I'm willing to join github if that would solve things, surely, though, I wouldn't know what to say, or where to say it, I'd not have said anything else if if wasn't for Nymbo's reply from yesterday! My problem is not knowing what to do, that's why back when I had a fully working github account I didn't do much with it, other than starting projects I never finished that now I feel shame about. I don't even check huggingface forums! Maybe you asked me a question last time we talked and I never went to check that thread again, I engage on here because I get a golden circle around my avatar when there's a notification, it's like different countries we have to visit and I have only found toxic communities at discord where they ban you if you make any comment about having some phobia, so I'd rather have someone else extract the information from there.

Nymbo

Owner 3 days ago

I love the idea of having a Discord, considering the fractured nature of communicating on HF. I just threw this server together now, it's called SupaHuggers (name subject to change, I'm not married to it) - https://discord.gg/E59k3gkZyd

I'm also in the official HF discord but the idea with SupaHuggers would be a small server for a few very regular users to collab, vent about gradio 5.0, etc.

I'd love you guys to join to get it started @John6666 @Yntec

Yntec

3 days ago

•

edited 3 days ago

Huh, so now I'm glad I wrote a book about why I'm against discord in principle so I don't have to repeat myself: https://huggingface.co/Yntec/Dreamlike/discussions/3#6614ee5e06ee61ff24dacddb - but for short, I deem it as "closed source", keeping things private and unsearchable as a secret so only "members of the club" can benefit, just like keeping the recipe of a model unpublished or posting an AI generated image without the prompt, I want all the discussions I'm involved with to remain open and accessible to everyone and it makes me glad there's no private message system over here, so you can check every single thing I've told to john6666 and he has told me for instance and nothing is concealed (I don't use emails either!)

I guess publishing monthly publicly all the messages from the discord would solve it, then again, when it comes to it I turn out to be a difficult person to deal with, heh, but imagine Black Forest Labs was like this and we could see all their conversations about how they made Flux, everyone could benefit and we could create a new version, but Flux Pro was never published, akin to being buried in a discord server.

John6666

3 days ago

I see.
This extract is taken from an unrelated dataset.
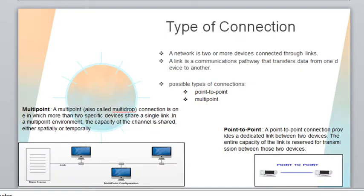Now we come to the next topic: network. A network means two or more devices connected through a link. A link in communication means a path or a way that transfers data from one device to another.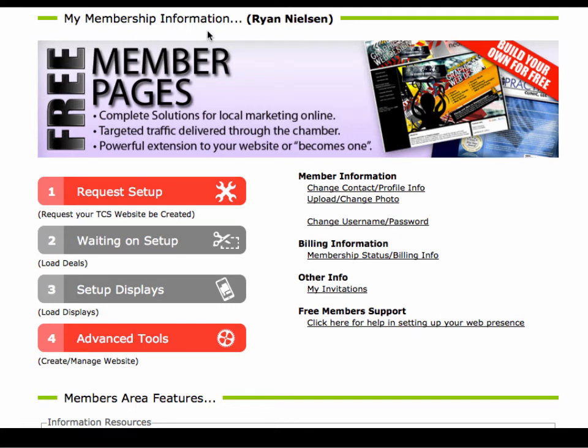When you login for the first time, if you scroll down to your membership information you will see these buttons just like shown here. All you have to do is click on the big red button number one — request setup — and we'll take care of the rest.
You don't like the way Discord is.
I also think that the fact that you can't search for Discord on Google makes it particularly difficult to use from an OSS perspective. On the other hand, it's easy to have private conversations on it, so it's somewhere between anonymous message boards and HF, leaning towards HF...
For example, if you discuss solutions here, on the HF forum, on github, or on anonymous message boards, then that becomes a resource that you can search for on Google in the same way as StackOverflow, but that's not the case with Discord.

I'm not familiar with the github culture either. I think it's been less than a month...
However, if you think there's a bug or something inconvenient, you can just write an issue, and if it can be fixed, you can just PR it, I think. I still don't really understand how to use Discussion.
Well, if we consult on HF and figure out where the problem is, wouldn't it be fine if one of us just writes an issue?